Act Number: 67

Act Name: The Bird and Company Limited (Acquisition and Transfer of Undertakings and Other Properties) Act, 1980

Year: 1980

Enactment Date: 1980-12-27

Long Title: An Act to provide for the acquisition and transfer of the undertakings of the Bird and Company Limited for the purpose of ensuring the continuity of production of goods which are vital to the needs of the country and for the acquisition of shares held by the Bird and Company Limited in the specified companies for the purpose of securing to those undertakings the facilities and advantages derived by reason of such shareholding with respect to the operation and functioning of those undertakings and also to enable the Central Government to exercise such control over the affairs of the specified companies as is necessary to ensure that the affairs of those companies are not mismanaged and for matters connected therewith or incidental thereto.

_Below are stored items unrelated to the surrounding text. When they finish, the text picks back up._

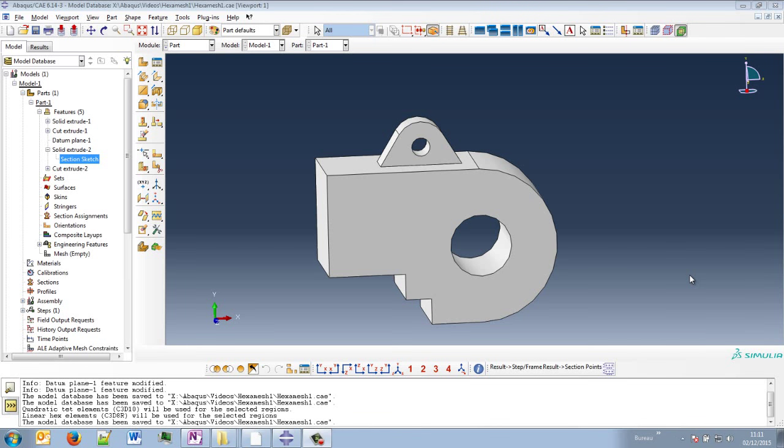Hi and welcome to this new tutorial about Abaqus CAE. Today it will be a short video and we will discuss about hexamesh, so how to mesh this part, for example, into hexa elements.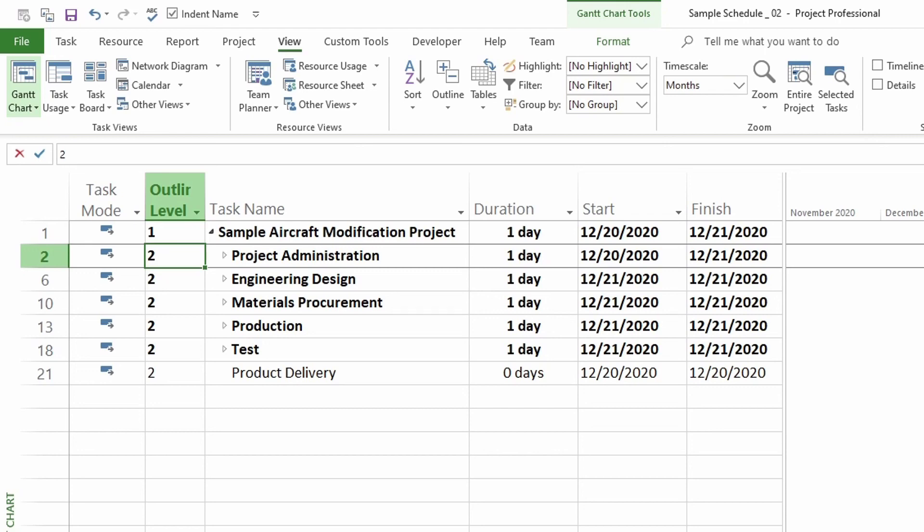In this lesson, you learned how to roll up and hide the subtasks in your schedule in Microsoft Project. We'll see you next time.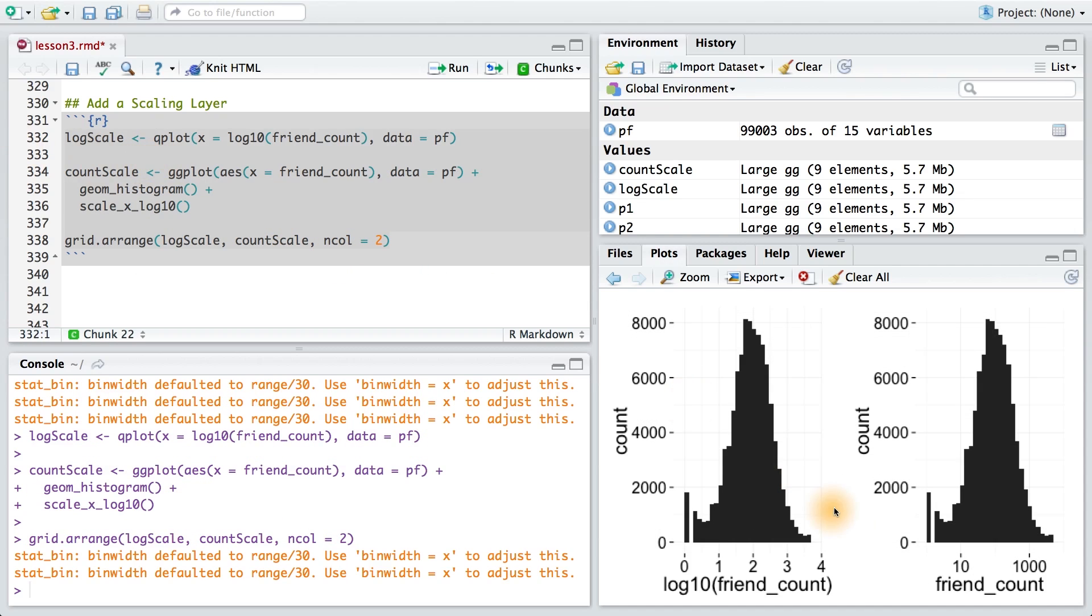Running this code, we can see that we get our two histograms. When looking at the two plots, we can see that the difference is really in the x-axis labeling.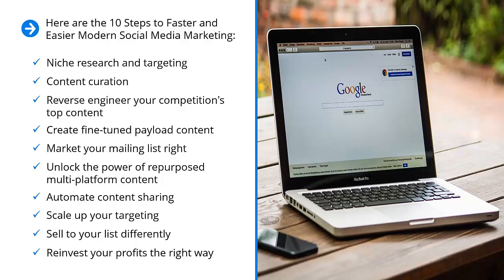Those are the 10 steps. I know they sound pretty simple, they definitely appear pretty straightforward, but the devil, as always, is in the details. See you in the next video.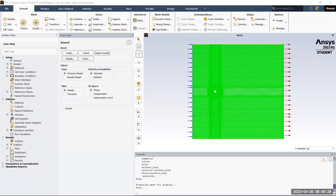Hello, I am Yagnik and today I'll be demonstrating how to run a transient dynamic mesh simulation using the 6DOF solver in ANSYS Fluent.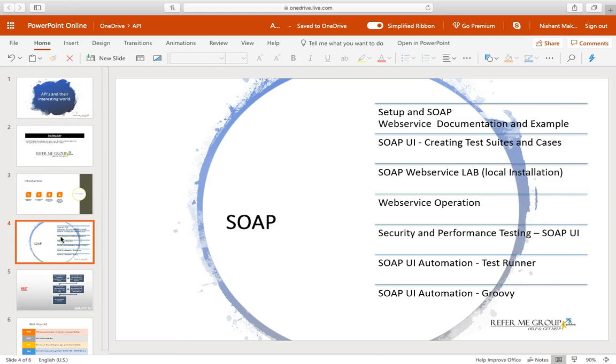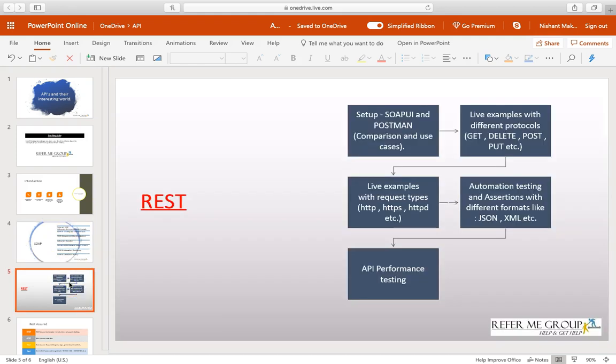Once you are done here, we will also have some automation strategy and how to execute with SOAP UI and all those stuff ready for you. Once you know all those things, there will be security and performance testing concepts as well. Everything related to SOAP UI will be covered here.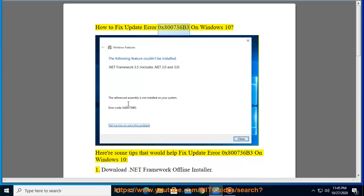How to fix update error 0x800736b3 on Windows 10. Here are some tips that would help fix update error 0x800736b3 on Windows 10.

Ministry: Ministry of Steel

Department:

Section 19: Admission or rejection of claims.
    (1) After examining the claims with reference to the priorities set out in the Schedule II, the Commissioner shall fix a certain date on or before which every claimant shall file the proof of his claim or be excluded from the benefit of the disbursements made by the Commissioner.
     (2) Not less than fourteen days notice of the date so fixed shall be given by advertisement in one issue of any daily newspaper in the English language and in one issue of such daily newspaper in the regional language as the Commissioner may consider suitable, and every such notice shall call upon the claimant to file the proof of his claim with the Commissioner within the time specified in the advertisement.
     (3) Every claimant who fails to file the proof of his claim within the time specified by the Commissioner shall be excluded from the disbursements made by the Commissioner.
     (4) The commissioner shall, after such investigation as may, in his opinion, be necessary and after giving the Company an opportunity of refuting the claim and after giving the claimant a reasonable opportunity of being heard, by order in writing, admit or reject the claim in whole or in part.
     (5) The Commissioner shall have the power to regulate his own procedure in all matters arising out of the discharge of his functions, including the place or places at which he may hold his sittings and shall, for the purpose of making an investigation under this Act, have the same powers as are vested in a civil court under the Code of Civil Procedure, 1908 (5 of 1908), while trying a suit, in respect of the following matters, namely:--
         (a) the summoning and enforcing the attendance of any witness and examining him on oath;
         (b) the discovery and production of any document or other material object producible as evidence;
         (c) the reception of evidence on affidavits;
         (d) the issuing of any commission for the examination of witnesses.
     (6) Any investigation before the Commissioner shall be deemed to be a judicial proceeding within the meaning of sections 193 and 228 of the Indian Penal Code ( 45 of 1860 ) and the Commissioner shall be deemed to be a civil court for the purposes of section 195 and Chapter XXVI of the Code of Criminal Procedure, 1973 ( 2 of 1974 ).
     (7) A claimant, who is dissatisfied with the decision of the Commissioner, may prefer an appeal against the decision to the principal civil court of original jurisdiction within the local limits of whose jurisdiction the registered office of the Company is situated:
     Provided that where a person who is a Judge of a High Court is appointed to be the Commissioner, such appeal shall lie to the High Court at Calcutta, and such appeal shall be heard and disposed of by not less than two Judges of that High Court.